Synthetic accessibility scoring is an invaluable tool for generative chemistry and more generally for filtering or scoring molecular designs that come either from AI or human designers. It's not hard to understand that synthetic scoring approaches that do not consider how the target molecule can be synthesized are of quite limited use in practice. This work aims to produce a tool that can predict synthetic routes but in a reasonable time frame for many real-world applications.
The idea of the tool is to restrict the depth of search in order to improve computation speed but in the same time having access to a large amount of synthetically accessible chemical space of enough complexity to be useful in drug discovery applications. A number of obvious optimizations like caching, parallel execution etc can significantly reduce times while other approaches could also be tested in the future.
The tool is based on aizynthfinder provided by the MolecularAI group in AstraZeneca https://github.com/MolecularAI/aizynthfinder and specifically I use here:
- The expansion policy model and templates provided by the group
- A filter policy model provided by the group Please refer to the detailed documentation in https://molecularai.github.io/aizynthfinder/ for instructions on how to train policy models, construct stocks etc
- A full tree search is implemented (DFS) instead of MCTS for increased accuracy of predictions
- Caching tree branches works really well to increase speed by 2x-3x
- Persistent Redis cache for sharing results across parallel workers and surviving process restarts
- Vectorization of hot loops resulted in 3x speed gains
- A maximum search depth can be set
- A context search mode is available for the analysis of collections of molecules with a common scaffold (e.g. parallel libraries) where generally there is only one disconnection of interest in the first step of the retrosynthesis. See also the Jupyter notebook example.

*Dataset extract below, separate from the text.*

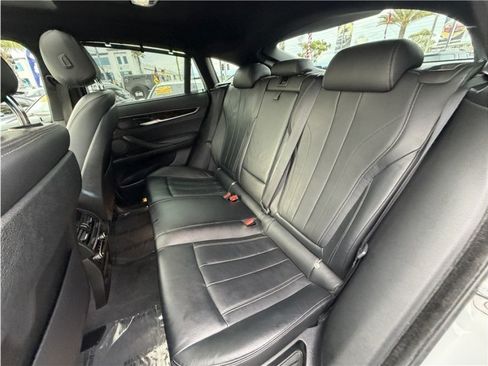 Used 2019 BMW X6 xDrive35i w/ Executive Package AWD/4WD image 22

- A large amount of code has been removed or refactored for simplification and speed optimisation.
- Customized collections of templates The current policy model and templates have been generated from the USPTO dataset and cover chemical synthesis knowledge before 2019 and thus uderrepresenting or not including at all important modern synthetic methods such as sp2-sp3 cross coupling reactions, late-stage functionalization reactions and so on. This feature gives the option to add new reaction templates and enhance or otherwise modify the synthetic knowledge of the tool. In this repo you can find
shallowtree/rules/direct.csvan example collection of templates that cover standard cross coupling reactions.
- Clone the GitHub repository e.g.
git clone https://github.com/Arhs99/shallow-tree.git - Then execute:
cd shallow-tree
conda env create -f env.yml
conda activate shallow-tree
poetry install
For use with a GPU install tensorflow from conda as follows, it will pick the correct CUDA libraries compatible with your set-up
conda install -y tensorflow-gpu=2.8.0 -c conda-forge
For Redis caching support (recommended for parallel execution):
poetry install -E cache
One needs to import the Expander class and use any of the two available methods:
search_treeprovides scoring and predicted routes and starting materials for a set of query moleculescontext_searcha SMILES string parameter is required for the desired scaffold which is also indicating the attachment point.
See the synth_score_NOTEBOOK.ipynb jupyter notebook example in this repository
search_cli is the command line tool. These are 2 examples for each of the available search modes:
echo 'Clc1ccccc1COC5CC(Nc3n[nH]c4cc(c2ccccc2)ccc34)C5' | searchcli --config config.yml --scaffold '[*]c1n[nH]c2cc(-c3ccccc3)ccc12' --depth 2 --routes
and
searchcli --config config.yml --depth 2 --routes < smiles.txt > routes.csv
A significant gain in speed and extended ability to scale-up can be achieved by serving the models using tensorflow serving and parallelization by batching the SMILES inputs.
For optimal performance with parallel workers, enable Redis caching to share computed results across processes:
# In your config.yml
cache:
enabled: true
host: localhost
port: 6379See the parallel folder README for TensorFlow Serving setup, Redis installation, and usage examples.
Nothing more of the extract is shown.